26" vs 29" vs 650 - bullshit or not?

I helped a friend out by fixing some derailleur issues they had, but it was the first time I’ve looked at a 29" up close (having kids has meant I haven’t been as up to date on bikes as I used to be when I worked in a shop).

My first impression was how big it is (an Avanti Aggressor 29.1 if you are interested), and even just riding it around the street in order to adjust the gears felt like I was on top of a penny farthing. My commuter (26" hardtail with rigid forks) felt like a wippet in comparison.

Even though I’m out of the loop, I can’t see what the fuss is. Lots of claims that it is easier to roll over obstacles (hmm) and give a bigger tyre contact patch, but with quite cheap entry level bikes available with good 80mm-120mm front suspension, I think this is a furphy. Also, just put on a wider tire for more contact.

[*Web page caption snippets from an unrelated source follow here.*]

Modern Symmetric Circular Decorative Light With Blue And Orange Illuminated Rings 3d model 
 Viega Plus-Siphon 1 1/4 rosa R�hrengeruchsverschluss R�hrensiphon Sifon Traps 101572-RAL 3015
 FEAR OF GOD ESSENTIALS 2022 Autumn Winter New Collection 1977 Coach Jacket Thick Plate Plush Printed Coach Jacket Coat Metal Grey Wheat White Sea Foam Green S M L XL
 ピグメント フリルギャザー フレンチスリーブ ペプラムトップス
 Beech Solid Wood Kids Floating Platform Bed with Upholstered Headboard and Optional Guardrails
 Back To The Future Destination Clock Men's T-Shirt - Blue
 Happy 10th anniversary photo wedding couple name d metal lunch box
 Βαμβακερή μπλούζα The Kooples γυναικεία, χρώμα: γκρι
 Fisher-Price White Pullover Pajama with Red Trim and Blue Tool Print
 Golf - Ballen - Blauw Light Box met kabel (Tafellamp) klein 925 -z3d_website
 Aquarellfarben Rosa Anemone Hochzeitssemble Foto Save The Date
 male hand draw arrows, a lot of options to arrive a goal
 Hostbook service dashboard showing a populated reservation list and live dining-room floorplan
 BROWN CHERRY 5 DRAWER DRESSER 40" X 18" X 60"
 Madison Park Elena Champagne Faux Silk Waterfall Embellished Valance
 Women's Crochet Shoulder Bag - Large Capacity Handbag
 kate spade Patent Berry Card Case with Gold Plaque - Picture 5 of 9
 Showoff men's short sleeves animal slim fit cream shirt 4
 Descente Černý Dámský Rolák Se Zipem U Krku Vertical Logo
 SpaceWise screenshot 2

If anyone can teach me physics, please do, but my understanding is rotational weight is much worse than static weight- you are always starting and stopping your wheels and drivetrain, so weight savings here are much better than weight savings in the frame or components for example. A 29" with a huge tyre is a lot heavier than a 26", and would flex more too. It needs a bigger frame, so you’re wheel base is longer, and weighs more (smaller chainrings though) - all adding up to be not as good.

Then there is the 650 (or 27.5") which looks more like marketing on top of the 29". Is this just a cynical way to get people with perfectly good bikes to buy something new? I found this bikeradar video which didn’t answer any questions:

Any 29" advocates comments appreciated.

Angle of attack is the best comparison, as far as rolling over obstacles.

My ipad isn’t cooperating, so I’ll work on a better response a little later. I’m totally pro 29" by the way. Been riding one for 6 years and haven’t looked back.

What’s your objective? If you need a bike to go a few miles back and forth to work, pick what you want, performance, going over obstacles and knobby tires are usually not objectives when going on a paved road. If your objective is something other than commuting, you will need to narrow it down before any recommendation is made.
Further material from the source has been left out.